EXERCISE => Please give back each line below unchanged; none of the pictures should appear.

DATA FOR ANALYSIS =>
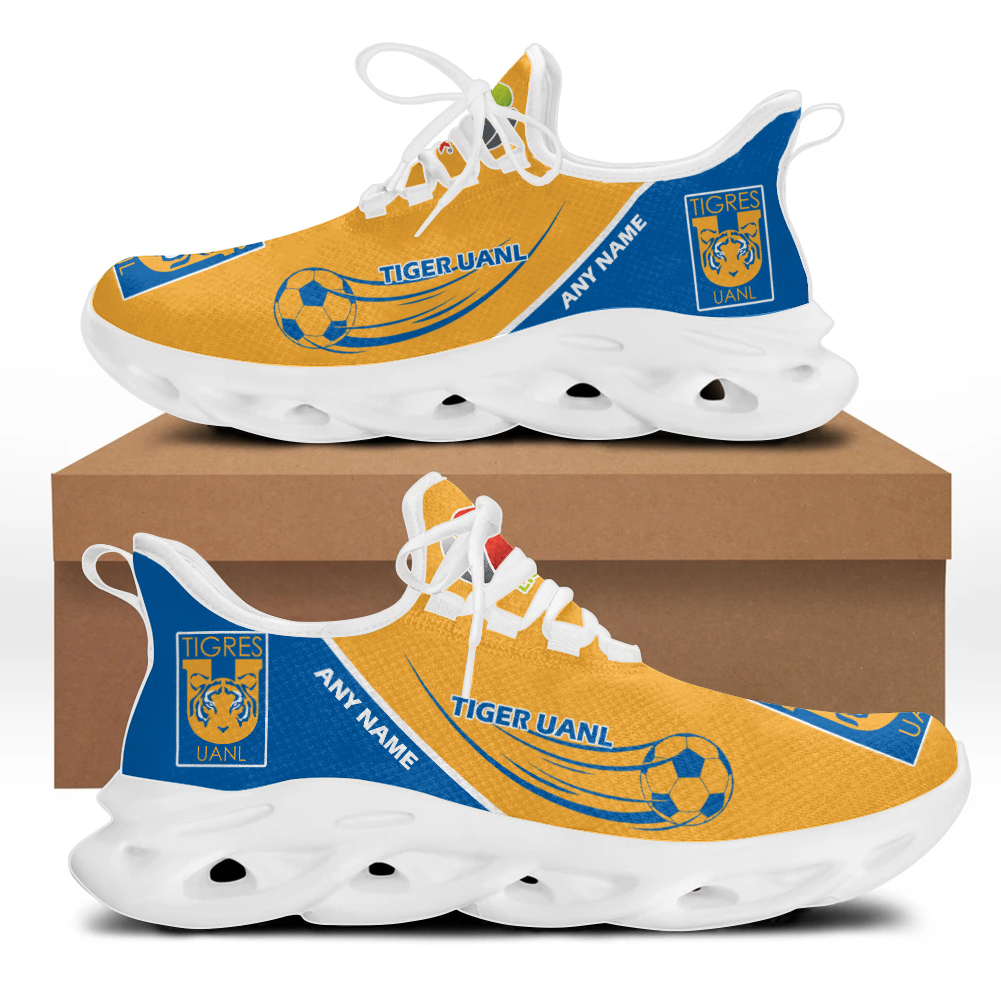 Tigres UANL Max Soul Shoes Sneakers For Men And Women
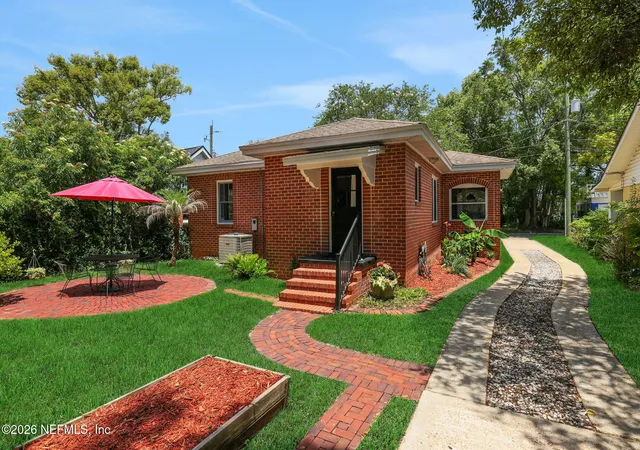 Photo 2 of Single family home for sale at 4712 Sappho Ave, Jacksonville, FL 32205 | MLS# 2148629 | Listing updated on 2026-07-16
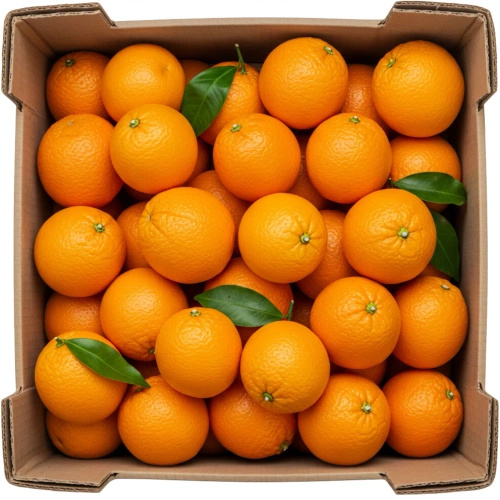 Ekologiczne pomarańcze (karton ok. 10 kg) (EKO)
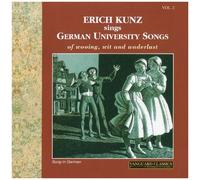 German University Songs Vol. 2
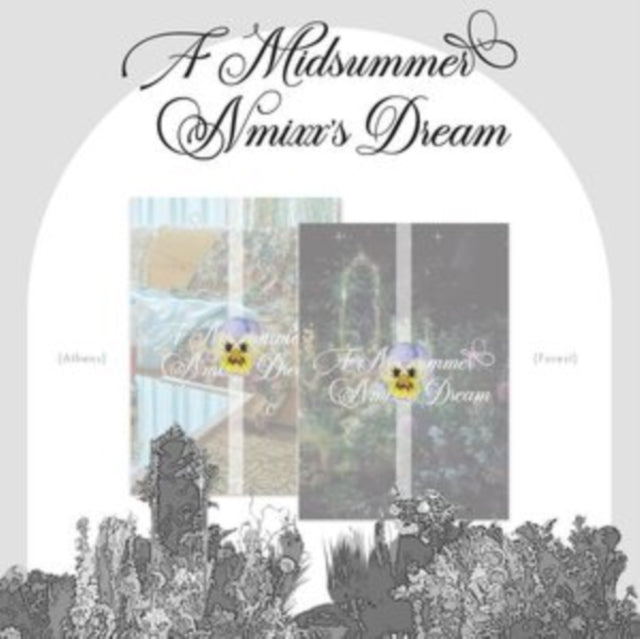 NMIXX | MIDSUMMER NMIXXâ€™S DREAM | CD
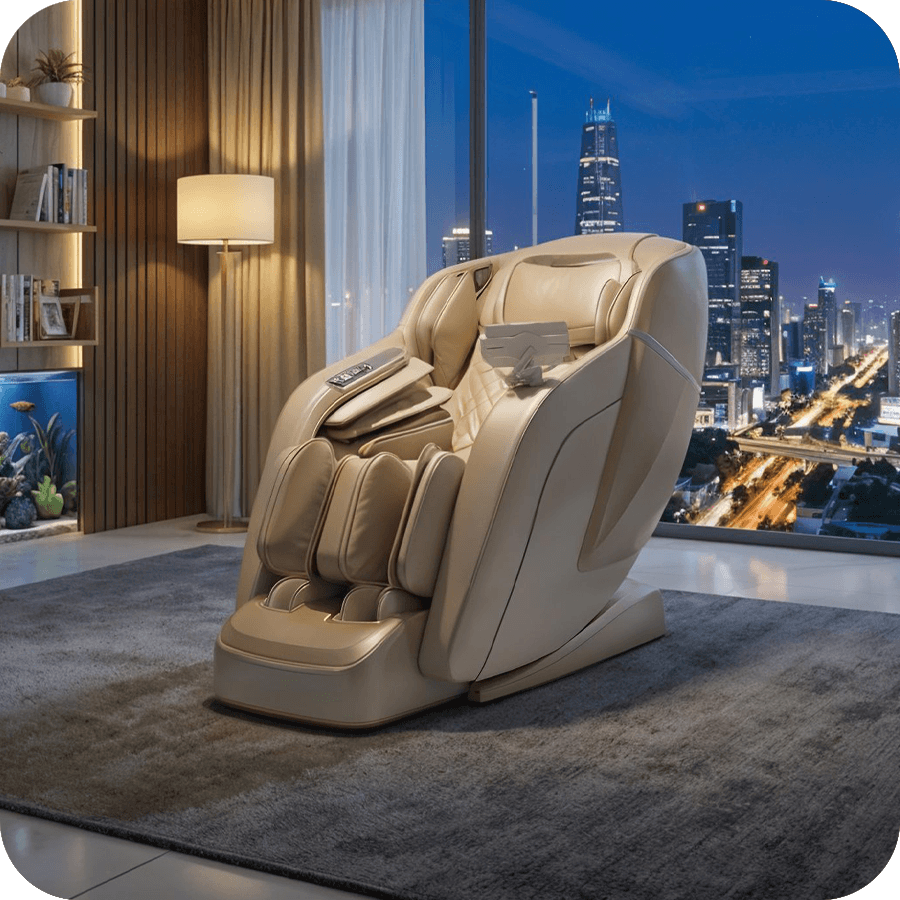 Best Massage Chairs Under $6000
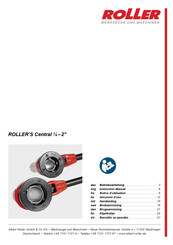 Roller Central Instruction Manual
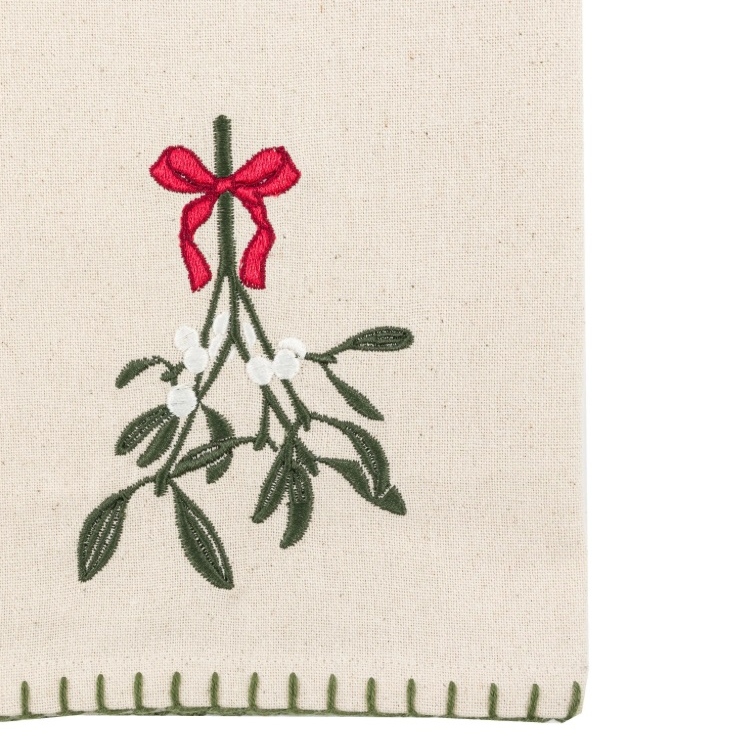 Set Of Christmas Tea Towels Tea Towels UK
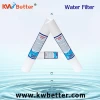10" 1um 5um Water Softener Cartridge Filter from China
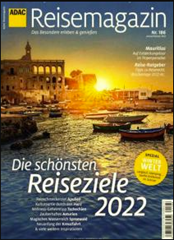 Bild zu ADAC–Reisemagazin Jahresabo (7 Ausgaben) für 61,15€ inkl. bis zu 60€ Prämie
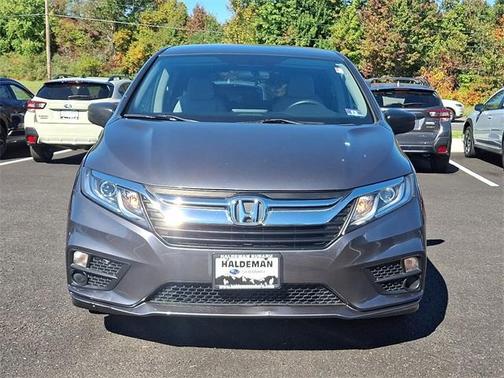 2019 Honda Odyssey LX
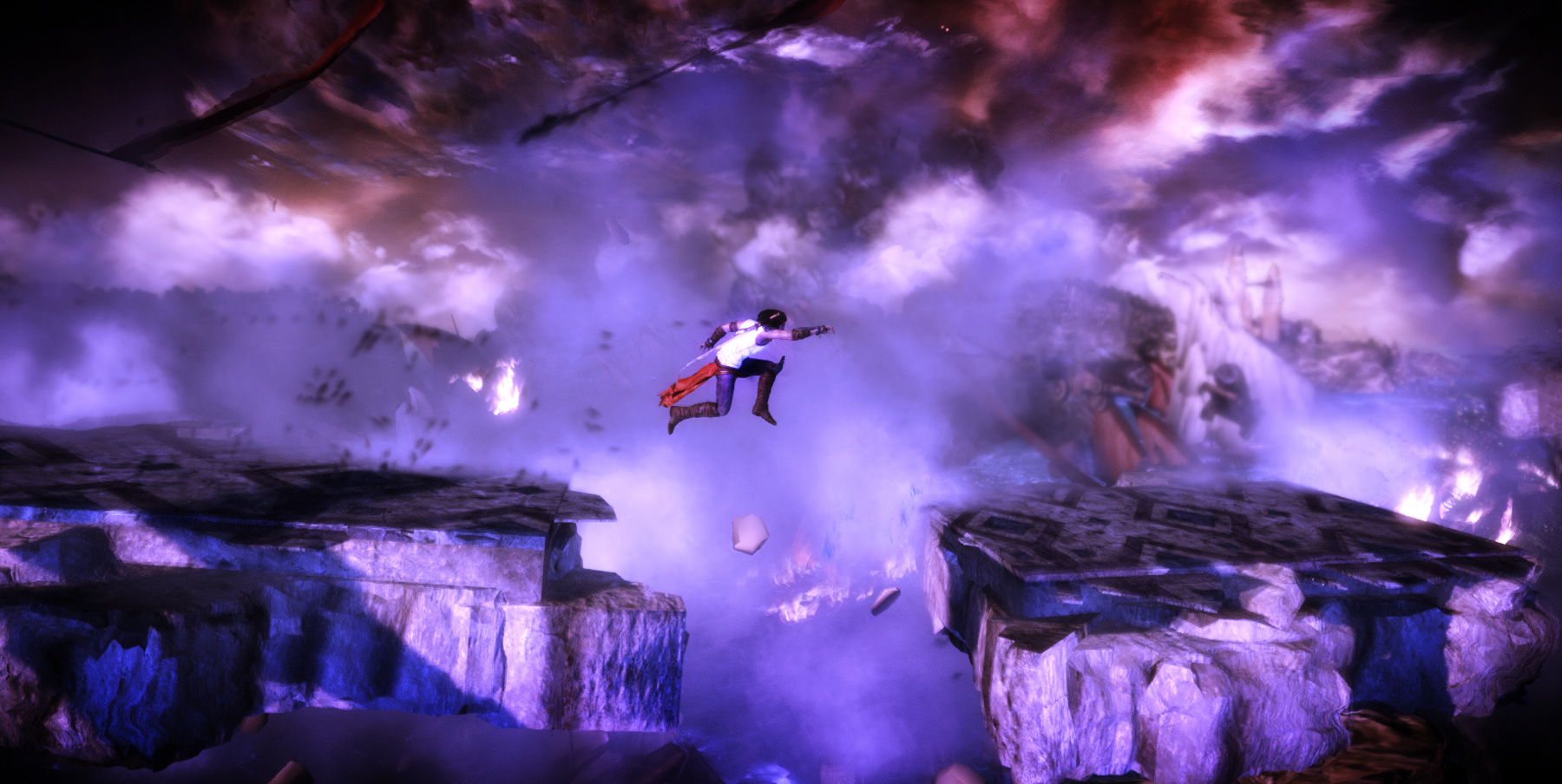 Climax : de l'horreur, et du Prince of Persia-like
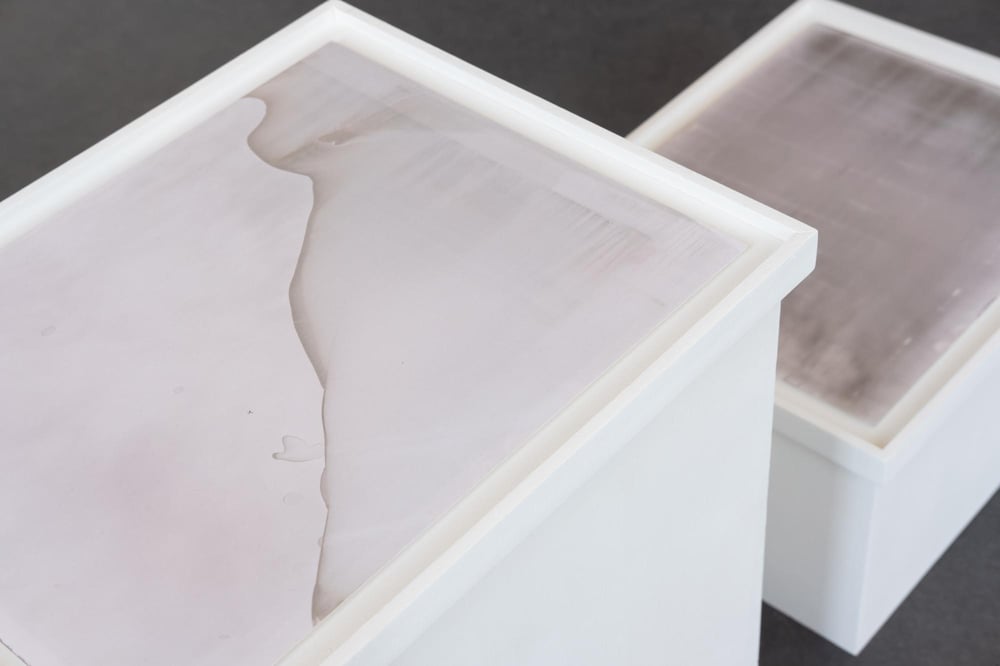 Light Processing - Concrete Exposure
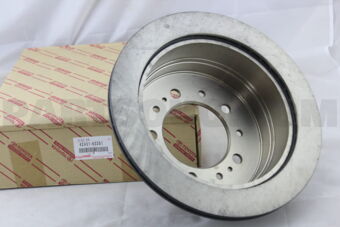 Toyota 4243160281 DISC, REAR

SOLUTION TO THE EXERCISE =>
 Tigres UANL Max Soul Shoes Sneakers For Men And Women
 Photo 2 of Single family home for sale at 4712 Sappho Ave, Jacksonville, FL 32205 | MLS# 2148629 | Listing updated on 2026-07-16
 Ekologiczne pomarańcze (karton ok. 10 kg) (EKO)
 German University Songs Vol. 2
 NMIXX | MIDSUMMER NMIXXâ€™S DREAM | CD
 Best Massage Chairs Under $6000
 Roller Central Instruction Manual
 Set Of Christmas Tea Towels Tea Towels UK
10" 1um 5um Water Softener Cartridge Filter from China
 Bild zu ADAC–Reisemagazin Jahresabo (7 Ausgaben) für 61,15€ inkl. bis zu 60€ Prämie
 2019 Honda Odyssey LX
 Climax : de l'horreur, et du Prince of Persia-like
 Light Processing - Concrete Exposure
 Toyota 4243160281 DISC, REAR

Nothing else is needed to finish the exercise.